Hand back the entries exactly as written, minus every picture.

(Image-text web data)
====

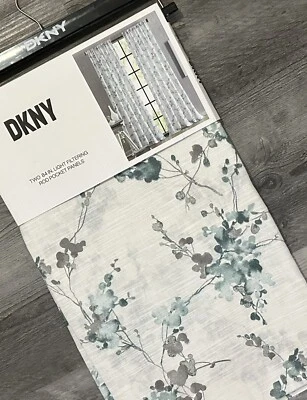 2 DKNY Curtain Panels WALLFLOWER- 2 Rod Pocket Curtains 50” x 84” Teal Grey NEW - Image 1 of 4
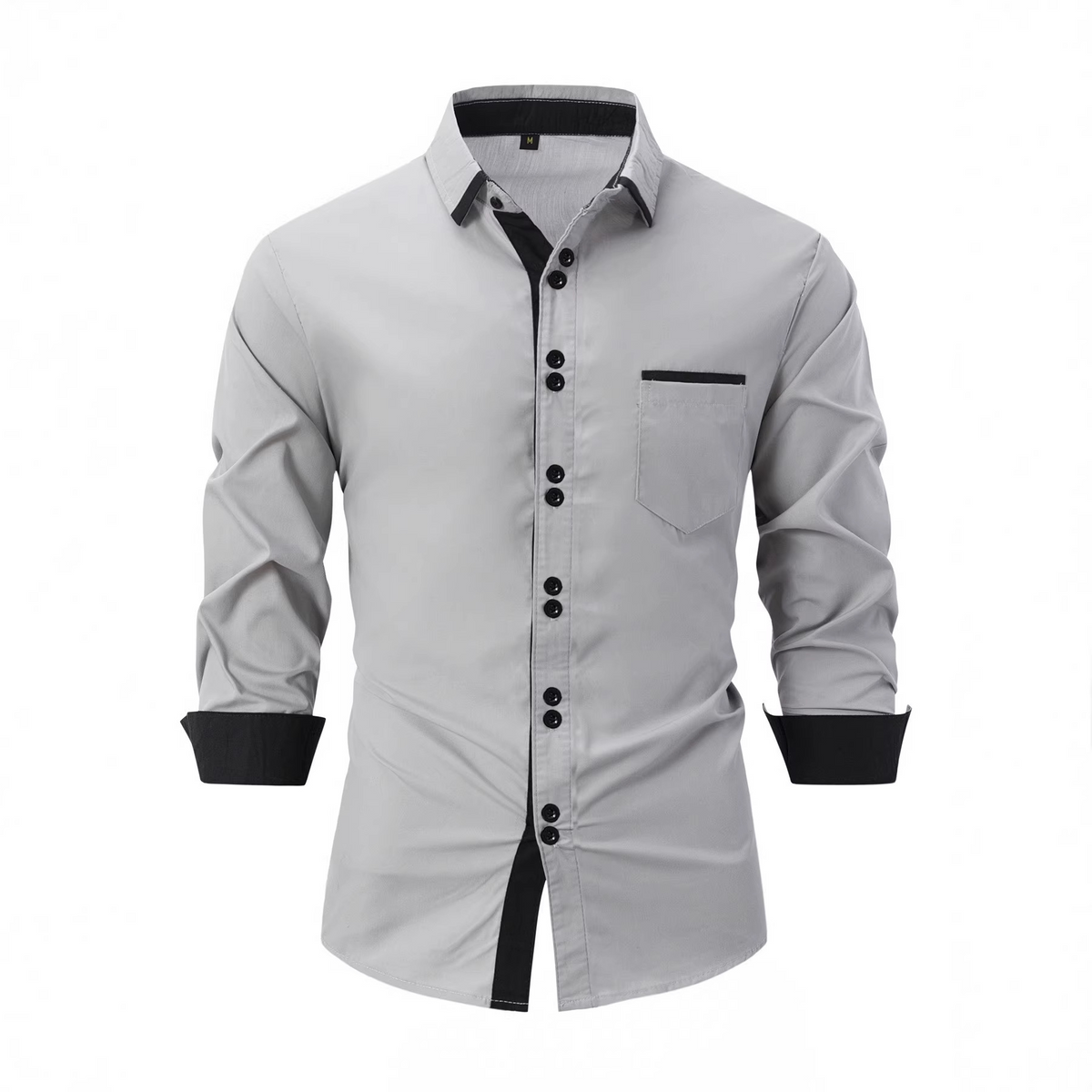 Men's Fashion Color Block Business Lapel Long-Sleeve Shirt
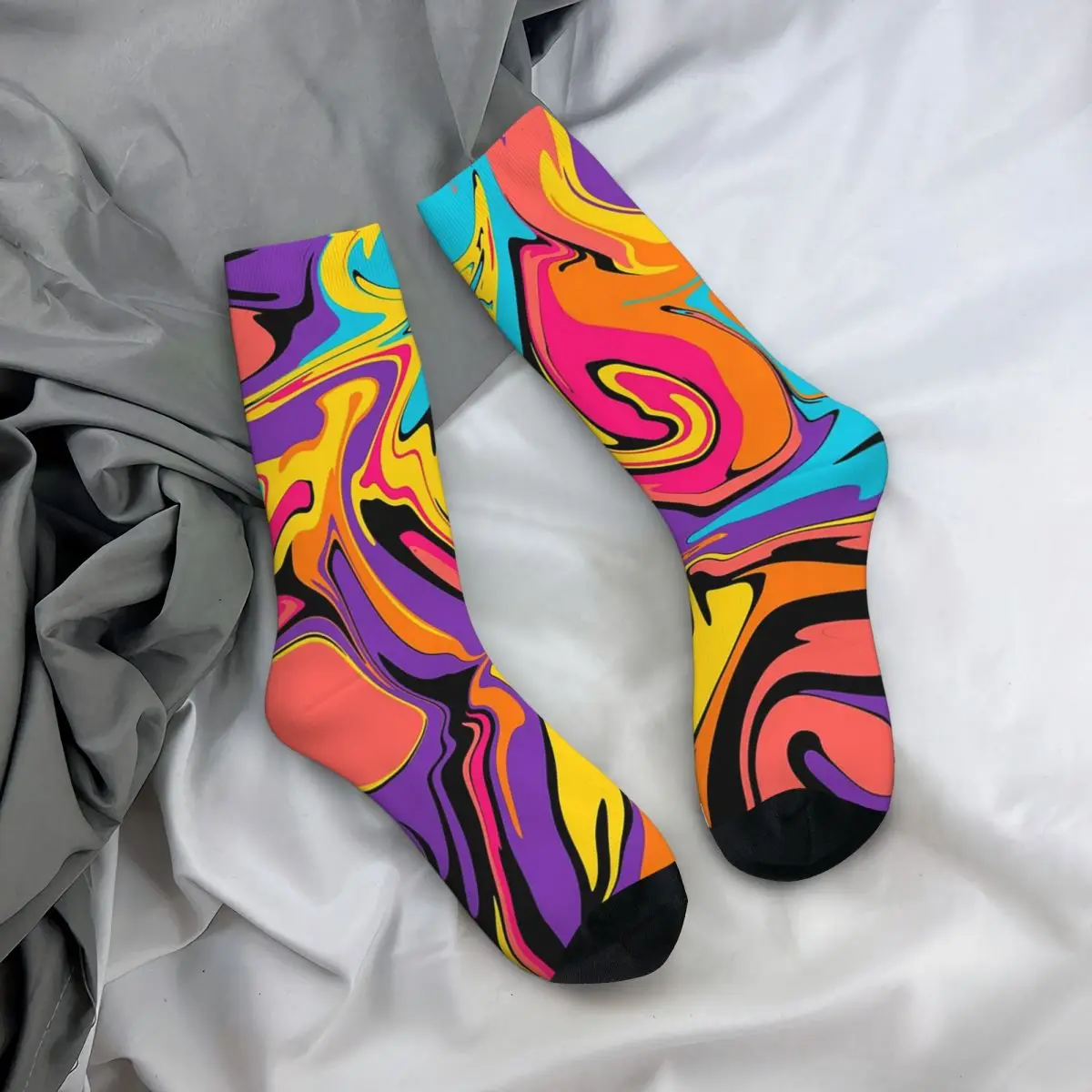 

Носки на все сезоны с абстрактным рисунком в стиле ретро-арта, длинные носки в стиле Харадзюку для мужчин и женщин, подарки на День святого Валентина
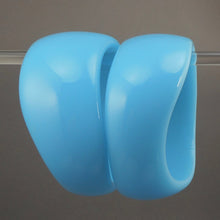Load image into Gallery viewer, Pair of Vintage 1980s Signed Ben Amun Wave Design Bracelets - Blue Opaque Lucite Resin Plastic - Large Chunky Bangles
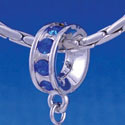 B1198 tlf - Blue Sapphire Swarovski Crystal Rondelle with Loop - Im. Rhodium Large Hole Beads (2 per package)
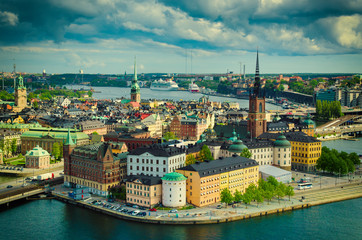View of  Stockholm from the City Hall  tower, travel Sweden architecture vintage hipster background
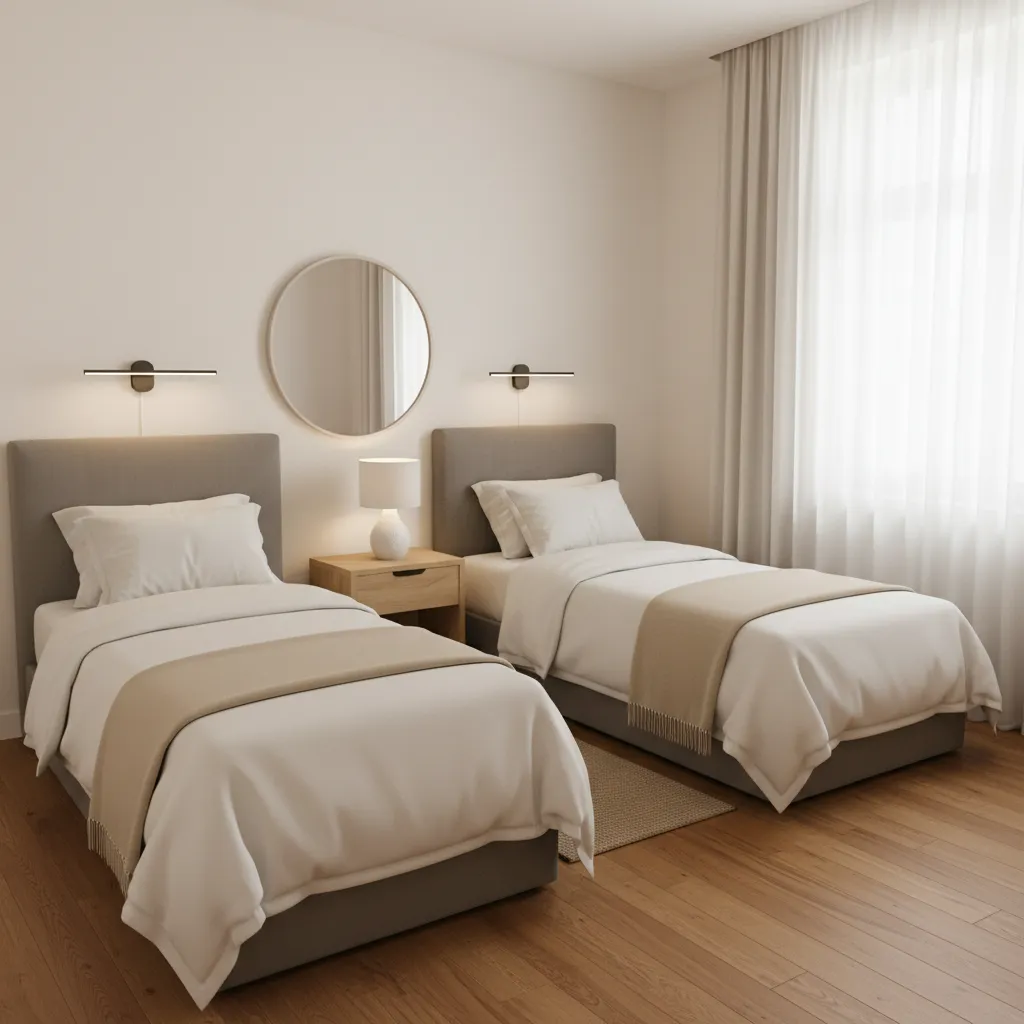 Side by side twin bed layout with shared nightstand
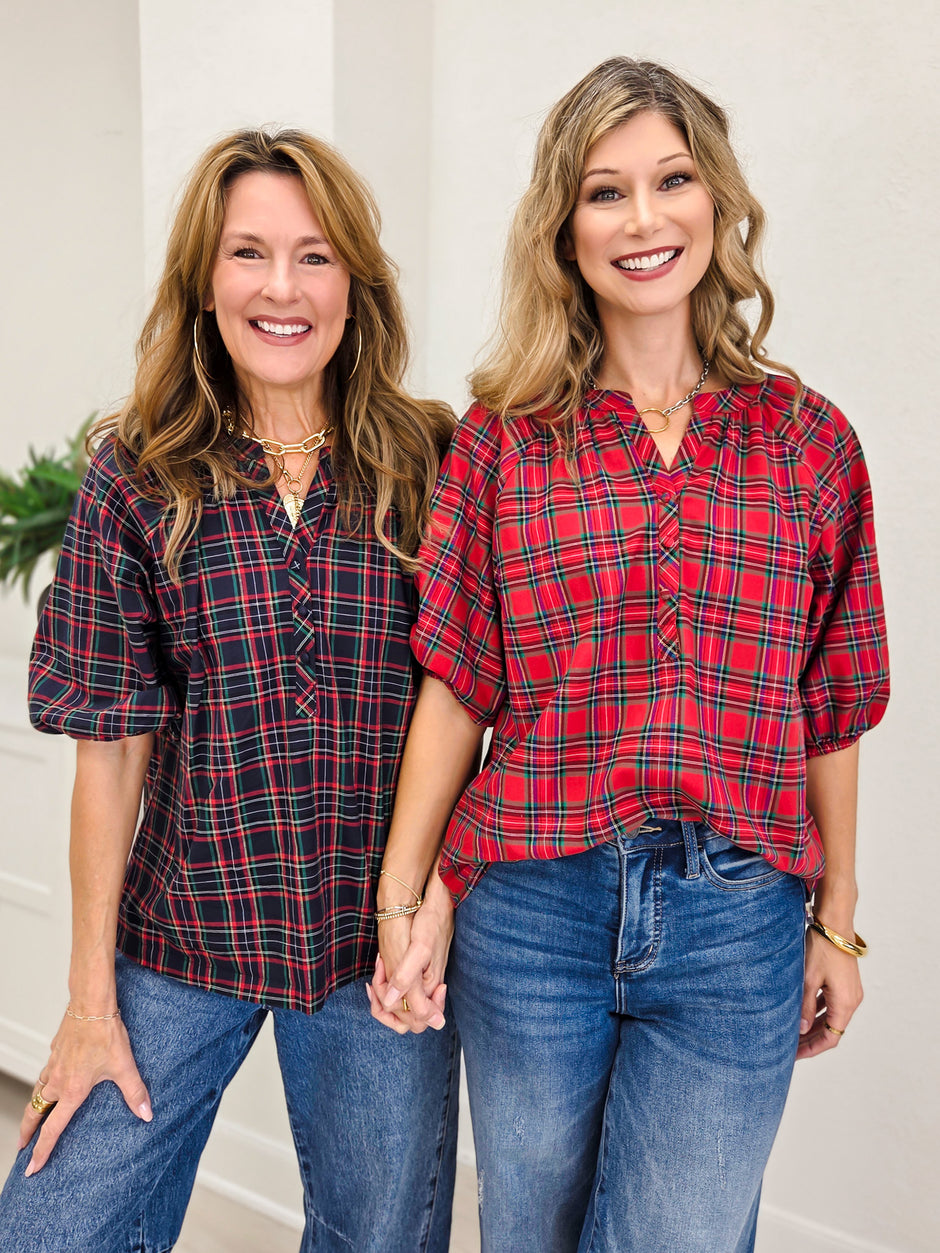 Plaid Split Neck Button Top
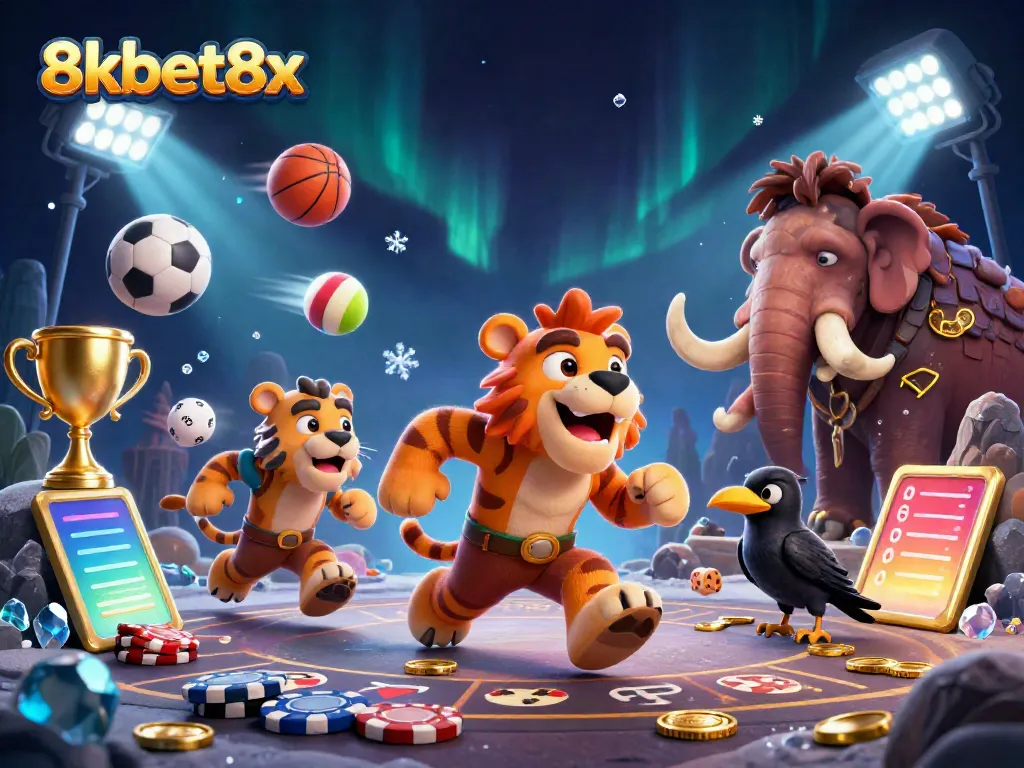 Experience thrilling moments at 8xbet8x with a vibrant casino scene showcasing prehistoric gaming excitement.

====

Completed task -
 2 DKNY Curtain Panels WALLFLOWER- 2 Rod Pocket Curtains 50” x 84” Teal Grey NEW - Image 1 of 4
 Men's Fashion Color Block Business Lapel Long-Sleeve Shirt

Носки на все сезоны с абстрактным рисунком в стиле ретро-арта, длинные носки в стиле Харадзюку для мужчин и женщин, подарки на День святого Валентина
Load image into Gallery viewer, Pair of Vintage 1980s Signed Ben Amun Wave Design Bracelets - Blue Opaque Lucite Resin Plastic - Large Chunky Bangles
 B1198 tlf - Blue Sapphire Swarovski Crystal Rondelle with Loop - Im. Rhodium Large Hole Beads (2 per package)
View of  Stockholm from the City Hall  tower, travel Sweden architecture vintage hipster background
 Side by side twin bed layout with shared nightstand
 Plaid Split Neck Button Top
 Experience thrilling moments at 8xbet8x with a vibrant casino scene showcasing prehistoric gaming excitement.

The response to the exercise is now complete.